В довершение всех бед неожиданно пропал «Сан-Антонио», самый большой корабль с 60 членами экипажа и львиной долей провизии, которой и так хронически недостает. Впоследствии выяснилось, что на судне произошел мятеж, и «Сан-Антонио», воспользовавшись густым туманом и непогодой, повернул на восток и двинулся обратным курсом к берегам Испании. Когда дезертиры вернутся в Европу, они обвинят Магеллана во всех смертных грехах, и его жена и ребенок, лишенные денежного пособия, умрут в бедности. Правда, после триумфального возвращения «Виктории» покойный адмирал будет реабилитирован.
Утрата 60 человек и большей части провианта была почти катастрофой. В распоряжении исхудавшего и разом постаревшего Магеллана остались всего три корабля – «Виктория», «Консепсьон» и «Тринидад». Встав на якорь, они тщетно дожидались, что неведомо куда пропавший «Сан-Антонио» в один прекрасный день все же объявится, но тут вернулись посланные в разведку матросы и доложили, что впереди – открытое море. Говорят, что при этом известии на глазах измученного сурового адмирала впервые выступили слезы. Грянул пушечный салют, поредевшая флотилия снялась с якорей и двинулась на запад. По правому борту тянулся Южноамериканский материк, а слева мерцала загадочными ночными огнями Tierra del Fuego (Земля Огней в буквальном переводе), на современных географических картах – Огненная Земля.
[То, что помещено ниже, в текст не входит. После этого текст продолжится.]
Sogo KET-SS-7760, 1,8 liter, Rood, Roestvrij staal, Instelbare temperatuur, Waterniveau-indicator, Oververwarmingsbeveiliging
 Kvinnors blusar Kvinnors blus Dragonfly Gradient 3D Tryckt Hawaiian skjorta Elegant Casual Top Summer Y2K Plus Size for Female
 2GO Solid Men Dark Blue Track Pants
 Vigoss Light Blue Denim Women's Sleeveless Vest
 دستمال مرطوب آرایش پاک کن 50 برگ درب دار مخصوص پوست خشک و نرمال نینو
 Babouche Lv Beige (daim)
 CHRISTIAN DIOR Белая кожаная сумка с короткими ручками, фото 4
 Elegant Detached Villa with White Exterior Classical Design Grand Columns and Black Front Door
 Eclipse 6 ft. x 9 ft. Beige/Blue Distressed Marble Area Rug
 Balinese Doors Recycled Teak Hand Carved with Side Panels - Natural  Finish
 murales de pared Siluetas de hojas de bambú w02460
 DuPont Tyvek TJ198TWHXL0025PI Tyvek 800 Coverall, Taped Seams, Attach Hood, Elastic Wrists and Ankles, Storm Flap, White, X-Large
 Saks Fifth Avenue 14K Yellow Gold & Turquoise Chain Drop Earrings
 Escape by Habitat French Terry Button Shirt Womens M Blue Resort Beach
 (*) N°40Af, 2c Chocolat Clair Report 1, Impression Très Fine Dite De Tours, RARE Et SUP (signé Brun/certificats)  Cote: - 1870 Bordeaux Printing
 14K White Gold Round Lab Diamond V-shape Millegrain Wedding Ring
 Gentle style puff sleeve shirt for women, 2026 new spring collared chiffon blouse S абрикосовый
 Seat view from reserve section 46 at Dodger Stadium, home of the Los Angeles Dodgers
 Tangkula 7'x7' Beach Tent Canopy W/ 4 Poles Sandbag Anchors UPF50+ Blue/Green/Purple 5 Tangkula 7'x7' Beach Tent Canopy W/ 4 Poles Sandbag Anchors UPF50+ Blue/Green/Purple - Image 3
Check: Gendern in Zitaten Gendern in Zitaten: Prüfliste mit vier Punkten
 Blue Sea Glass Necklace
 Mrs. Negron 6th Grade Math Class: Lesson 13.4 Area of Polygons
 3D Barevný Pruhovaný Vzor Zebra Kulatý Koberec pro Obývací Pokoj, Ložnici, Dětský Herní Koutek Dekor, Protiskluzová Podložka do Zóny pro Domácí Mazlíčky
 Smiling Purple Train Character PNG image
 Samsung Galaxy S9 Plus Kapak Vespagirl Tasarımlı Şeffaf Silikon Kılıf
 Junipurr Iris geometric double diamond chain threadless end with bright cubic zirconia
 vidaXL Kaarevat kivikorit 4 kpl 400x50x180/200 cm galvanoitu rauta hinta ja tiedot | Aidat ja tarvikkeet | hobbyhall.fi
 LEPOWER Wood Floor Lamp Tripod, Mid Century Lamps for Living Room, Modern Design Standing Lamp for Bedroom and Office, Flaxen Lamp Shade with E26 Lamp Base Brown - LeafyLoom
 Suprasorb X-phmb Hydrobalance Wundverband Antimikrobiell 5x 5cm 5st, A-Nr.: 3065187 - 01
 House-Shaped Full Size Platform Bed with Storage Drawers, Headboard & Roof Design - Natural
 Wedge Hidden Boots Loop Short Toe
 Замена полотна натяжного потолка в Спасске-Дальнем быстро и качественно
Через 37 дней изнурительной толчеи в жутком проливе, который впоследствии назовут именем Магеллана, путешественники увидели распахнувшийся до горизонта бескрайний океан. «Море такое огромное, – растерянно писал Антонио Пигафетта, – что слабый человеческий дух вряд ли способен его осмыслить». Пионерам кругосветки открылся величайший океан планеты, Южное море Васко Нуньеса де Бальбоа, и восторженный хромой адмирал, уже отчаявшийся увидеть когда-нибудь большую воду, нарек его Тихим, поскольку за три с лишним месяца плавания отважных землепроходцев не побеспокоил ни один даже самый захудалый шторм. А вот Фрэнсис Дрейк, обогнувший земной шар через полстолетия после Магеллана (и чуть позже разделавший под орех испанскую «Непобедимую армаду»), писал, что этот капризный и переменчивый океан следовало бы назвать не Тихим, а Бешеным морем.